**Your task:** The output must start at the line containing "Clinicians Manual on Ankylosing Spondylitis" in the records below and stop at the last line, matching each line exactly and leaving out every picture.

[Records contained in a dataset]
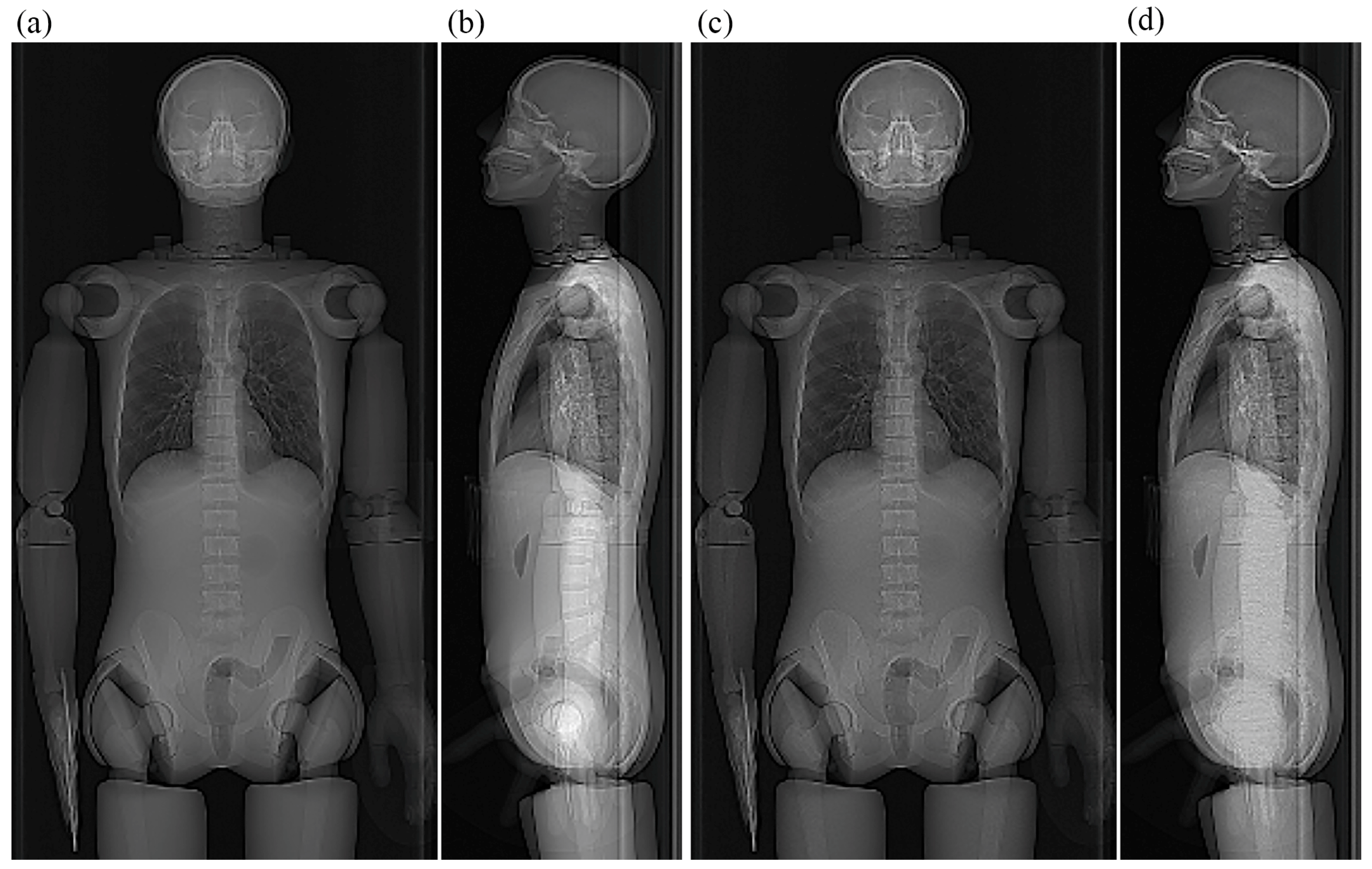 Tomography 12 00005 g009
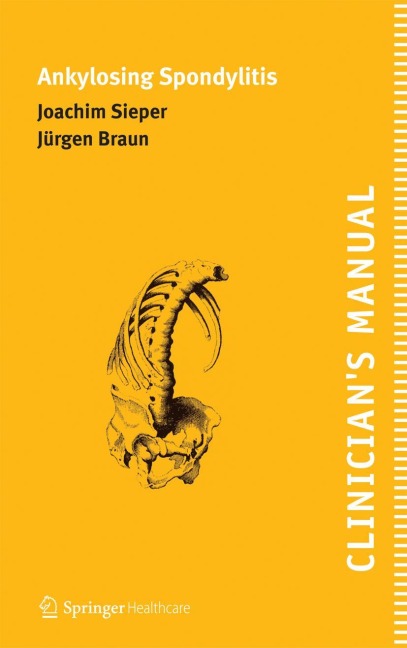 Clinicians Manual on Ankylosing Spondylitis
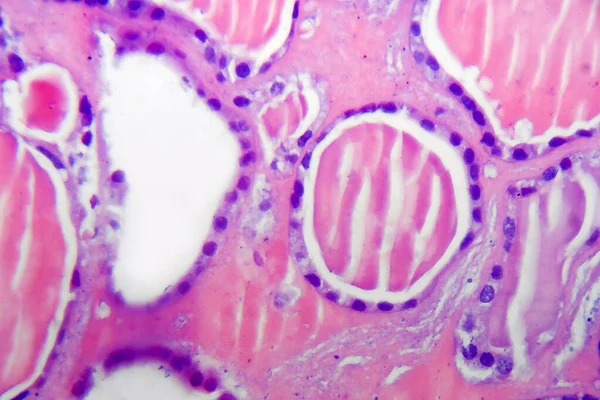 Adenoma Folicular Glándula Tiroides Micrografía Ligera Histopatología Del Adenoma Tidoide — Foto de Stock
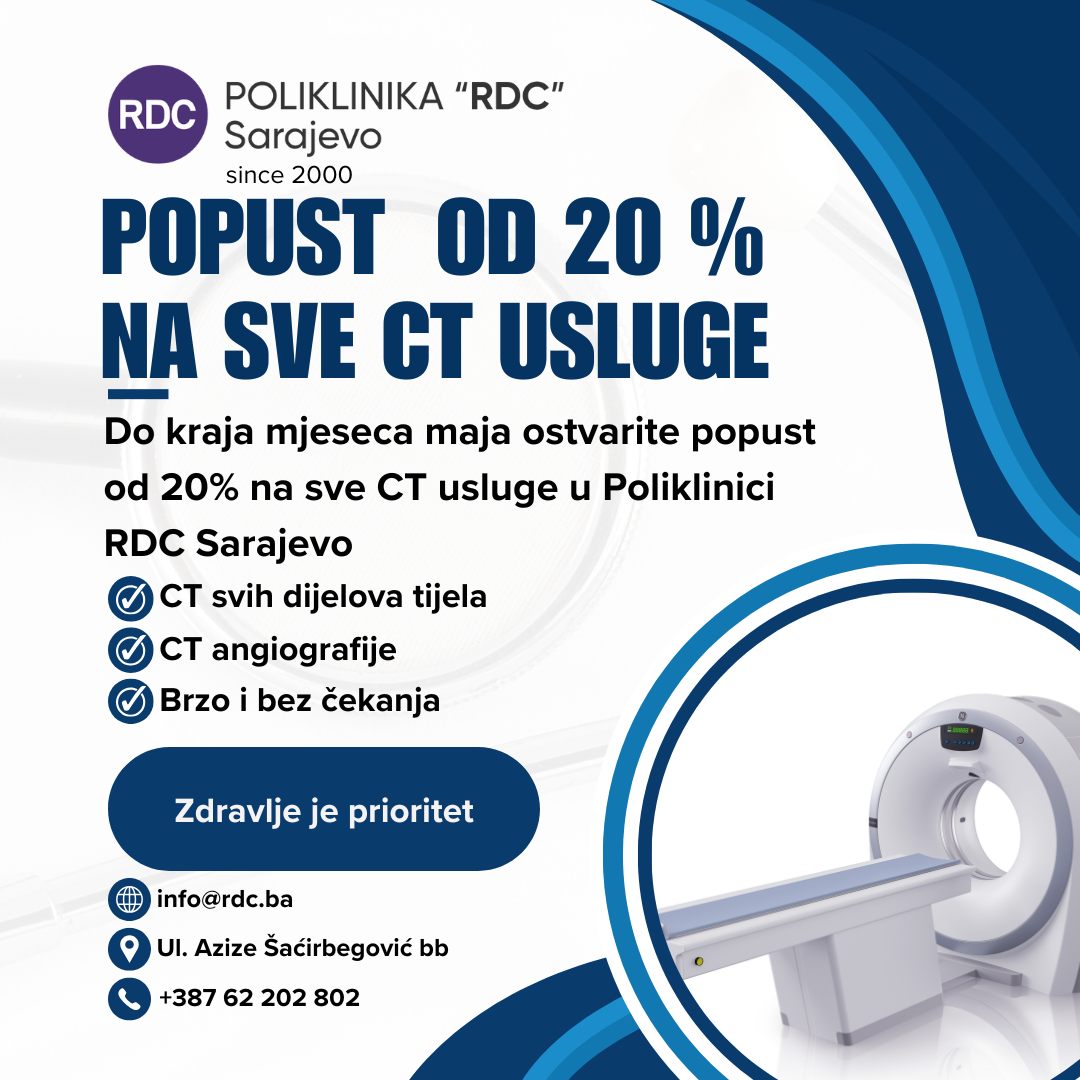 CT aparat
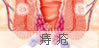 痔疮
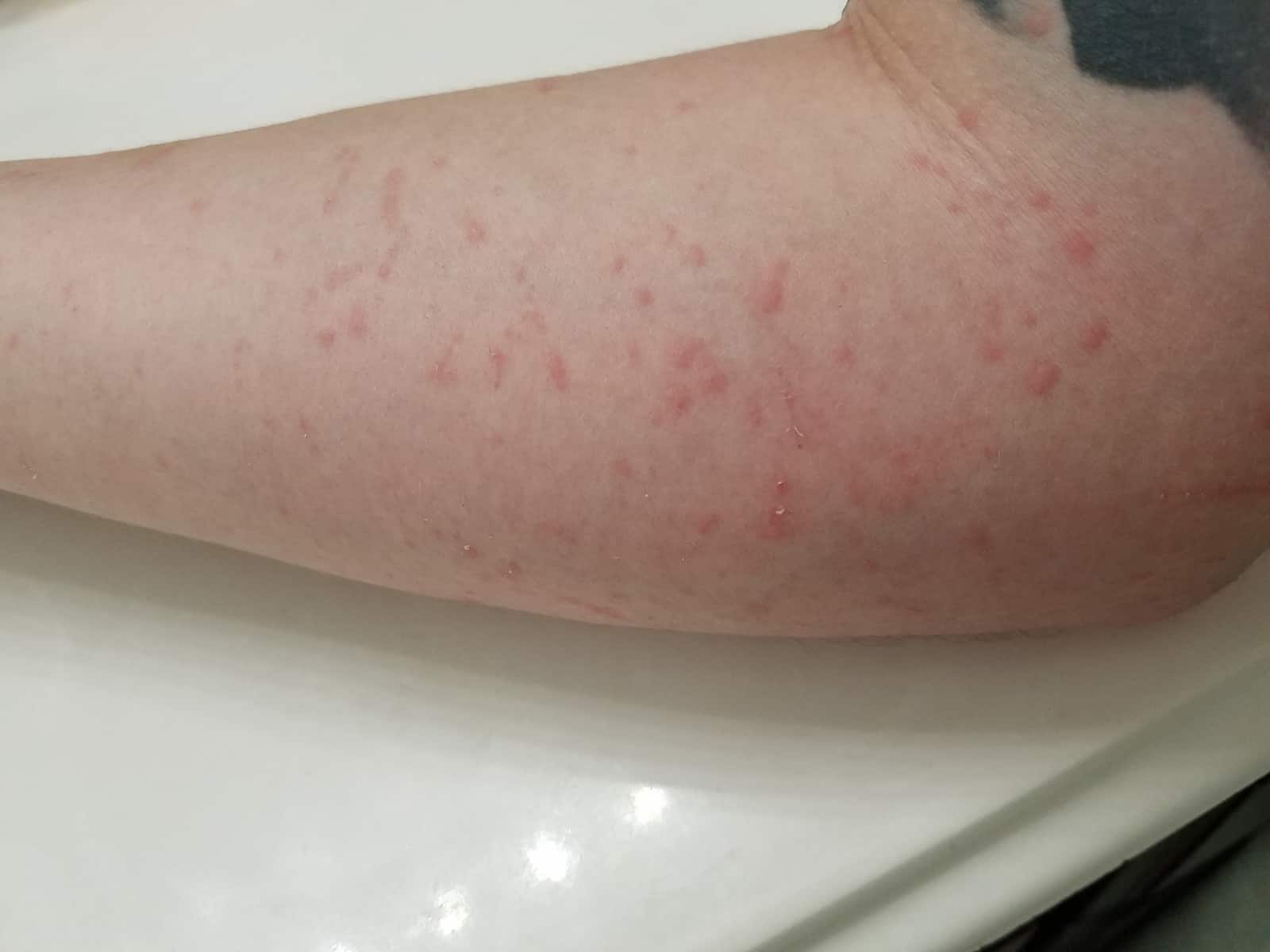 Itchy Hives On Arms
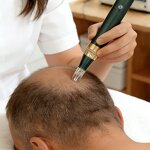 Microneedle Derma Pen Manufacturer - Home MTS Powered Adjustable NANO Needle Length for Acne Lip Face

**Response area:**
 Clinicians Manual on Ankylosing Spondylitis
 Adenoma Folicular Glándula Tiroides Micrografía Ligera Histopatología Del Adenoma Tidoide — Foto de Stock
 CT aparat
 痔疮
 Itchy Hives On Arms
 Microneedle Derma Pen Manufacturer - Home MTS Powered Adjustable NANO Needle Length for Acne Lip Face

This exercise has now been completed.